[DATA RECORDS — start]
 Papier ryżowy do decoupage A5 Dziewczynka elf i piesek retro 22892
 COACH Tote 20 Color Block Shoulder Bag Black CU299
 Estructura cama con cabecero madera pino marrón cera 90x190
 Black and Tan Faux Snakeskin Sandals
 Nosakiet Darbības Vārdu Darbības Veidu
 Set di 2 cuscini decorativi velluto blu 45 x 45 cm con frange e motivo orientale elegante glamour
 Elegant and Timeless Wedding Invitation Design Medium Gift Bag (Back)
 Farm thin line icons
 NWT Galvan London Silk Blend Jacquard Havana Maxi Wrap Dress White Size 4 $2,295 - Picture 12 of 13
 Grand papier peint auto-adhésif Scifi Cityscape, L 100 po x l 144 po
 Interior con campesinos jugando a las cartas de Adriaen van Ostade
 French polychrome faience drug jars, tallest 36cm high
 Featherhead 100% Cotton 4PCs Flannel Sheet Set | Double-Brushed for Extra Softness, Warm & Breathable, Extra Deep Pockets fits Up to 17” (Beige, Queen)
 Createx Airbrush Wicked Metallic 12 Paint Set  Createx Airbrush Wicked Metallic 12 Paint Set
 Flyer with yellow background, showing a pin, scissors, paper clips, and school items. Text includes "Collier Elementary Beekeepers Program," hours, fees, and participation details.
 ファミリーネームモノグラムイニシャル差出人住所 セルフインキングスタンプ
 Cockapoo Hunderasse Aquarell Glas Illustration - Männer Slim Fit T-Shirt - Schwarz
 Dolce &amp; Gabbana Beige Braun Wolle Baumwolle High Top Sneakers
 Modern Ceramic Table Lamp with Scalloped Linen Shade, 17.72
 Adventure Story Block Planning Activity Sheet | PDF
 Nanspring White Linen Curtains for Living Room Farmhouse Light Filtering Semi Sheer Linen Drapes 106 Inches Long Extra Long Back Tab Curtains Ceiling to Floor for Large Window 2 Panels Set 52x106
[DATA RECORDS — finish]
**TASK:** Take the material above and set it down again exactly.

**RESULT OF THIS TASK:**
 Papier ryżowy do decoupage A5 Dziewczynka elf i piesek retro 22892
 COACH Tote 20 Color Block Shoulder Bag Black CU299
 Estructura cama con cabecero madera pino marrón cera 90x190
 Black and Tan Faux Snakeskin Sandals
 Nosakiet Darbības Vārdu Darbības Veidu
 Set di 2 cuscini decorativi velluto blu 45 x 45 cm con frange e motivo orientale elegante glamour
 Elegant and Timeless Wedding Invitation Design Medium Gift Bag (Back)
 Farm thin line icons
 NWT Galvan London Silk Blend Jacquard Havana Maxi Wrap Dress White Size 4 $2,295 - Picture 12 of 13
 Grand papier peint auto-adhésif Scifi Cityscape, L 100 po x l 144 po
 Interior con campesinos jugando a las cartas de Adriaen van Ostade
 French polychrome faience drug jars, tallest 36cm high
 Featherhead 100% Cotton 4PCs Flannel Sheet Set | Double-Brushed for Extra Softness, Warm & Breathable, Extra Deep Pockets fits Up to 17” (Beige, Queen)
 Createx Airbrush Wicked Metallic 12 Paint Set  Createx Airbrush Wicked Metallic 12 Paint Set
 Flyer with yellow background, showing a pin, scissors, paper clips, and school items. Text includes "Collier Elementary Beekeepers Program," hours, fees, and participation details.
 ファミリーネームモノグラムイニシャル差出人住所 セルフインキングスタンプ
 Cockapoo Hunderasse Aquarell Glas Illustration - Männer Slim Fit T-Shirt - Schwarz
 Dolce &amp; Gabbana Beige Braun Wolle Baumwolle High Top Sneakers
 Modern Ceramic Table Lamp with Scalloped Linen Shade, 17.72
 Adventure Story Block Planning Activity Sheet | PDF
 Nanspring White Linen Curtains for Living Room Farmhouse Light Filtering Semi Sheer Linen Drapes 106 Inches Long Extra Long Back Tab Curtains Ceiling to Floor for Large Window 2 Panels Set 52x106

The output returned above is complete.